Design and construction
- Architect: Henri Ratouin

= Hôtel de Ville, Saint-Maur-des-Fossés =

Town hall in Saint-Maur-des-Fossés, France

The Hôtel de Ville (/fr/, City Hall) is a municipal building in Saint-Maur-des-Fossés, Val-de-Marne, France in the southeastern suburbs of Paris standing on Avenue Victor Hugo. It has been included on the Inventaire général des monuments by the French Ministry of Culture since 1986.

==History==
Following the French Revolution, the town council initially rented premises for its meetings, but held a ball to celebrate after establishing its first municipal offices in 1839. However, within two decades this building was dilapidated and cramped and, in May 1864, the council decided to relocate to the home of the Mayet family at No. 1 Avenue de Condé, near Place de l'Église. A few years later, the town council considered the matter again and decided to relocate to a more central location. The site they selected, on the south side of what is now Avenue Victor Hugo, was owned by Sieur Mahieu.
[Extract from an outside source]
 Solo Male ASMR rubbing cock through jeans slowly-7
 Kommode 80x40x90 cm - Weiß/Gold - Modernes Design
The new building was designed by Henri Ratouin in the Louis XIII style, built in ashlar stone and was completed in 1876.

The original design involved a symmetrical main frontage of just five bays facing onto Avenue Victor Hugo. The central section of the three bays, which was slightly projected forward, featured a short flight of steps leading up to a segmental headed doorway with a keystone, flanked by a pair of round headed windows with keystones. There were three casement windows with triangular pediments and a central balcony on the first floor. The first-floor windows were flanked by Corinthian order pilasters supporting an entablature, a modillioned cornice and an ornate parapet with a central clock flanked by pilasters supporting a segmental pediment. Behind the clock, there was a steep roof surmounted by an octagonal belfry. The adjoining bays were fenestrated by round headed windows on the ground floor, by square headed windows with cornices on the first floor, and by dormer windows at attic level. Internally, the principal rooms were the Salle des Fêtes (ballroom), which was 42 metres long and 12 metres wide, and the Salle des Mariages (wedding room), which was decorated with murals painted by Paul Baudoin depicting family, work, marriage and war.
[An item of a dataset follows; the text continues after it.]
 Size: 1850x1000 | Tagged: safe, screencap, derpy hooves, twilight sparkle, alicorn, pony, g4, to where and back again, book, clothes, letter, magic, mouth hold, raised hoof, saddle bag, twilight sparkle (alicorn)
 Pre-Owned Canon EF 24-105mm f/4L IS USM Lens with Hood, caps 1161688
In 1930, following significant population growth, the town council, led by the mayor, Auguste Marin, decided to expand the building. The work was carried out to a design by Lucien Graf and most of the structural work was completed by 1939, although the modifications to the main frontage and the fitting out was completed later. The expansion involved pavilions on both sides of the existing building.

Following liberation of the town by the French 2nd Armoured Division, commanded by General Philippe Leclerc, on 26 August 1944, a plaque was installed in the foyer of the town hall to commemorate the lives of local people who died at the hands of the Germans during the Second World War, either because they were transported to concentration camps or because they fought for the French Resistance.

Work on the modifications initiated by Marin resumed after the war. They involved the introduction of three new doorways flanked by pairs of Doric order columns on the ground floor, and the extension of the first-floor balcony right across the central section. A pair of statues by Albert Leclerc, depicting a female figure holding a coiled eel and a male figure holding a model of a castle, were installed adjacent to the clock. The left-hand pavilion accommodated the Salle du Conseil (council chamber), while the right-hand pavilion accommodated a new conference room. Murals by Yves Brayer and Paul Girol and sculptures by André Bizette-Lindet were installed in the room around the same time.

A sculpture entitled Le Grand Rocher (the Great Rock) by the sculptor, Pierre Lagénie, was unveiled in the garden to the east of the building in 2005.